Prompt:
Exclude images, then output the remaining data verbatim.
Data section Block Start
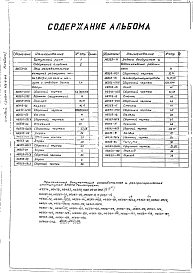 Альбом 1 Рабочие чертежи. Нестандартизированное оборудование
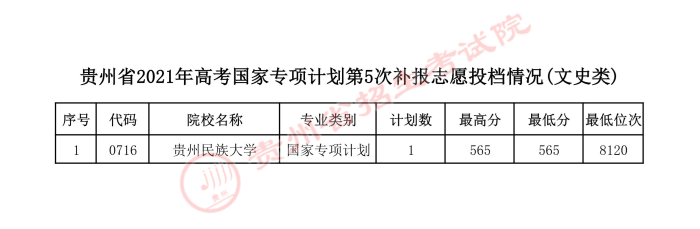 2021貴州高考國家專項計劃第五次補(bǔ)報志愿投檔分?jǐn)?shù)線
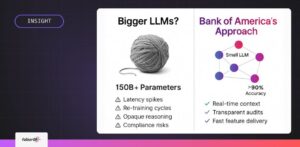 GraphRAG and Small LLMs in Bank of America AI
Data section Block End
Expected answer:
 Альбом 1 Рабочие чертежи. Нестандартизированное оборудование
 2021貴州高考國家專項計劃第五次補(bǔ)報志愿投檔分?jǐn)?shù)線
 GraphRAG and Small LLMs in Bank of America AI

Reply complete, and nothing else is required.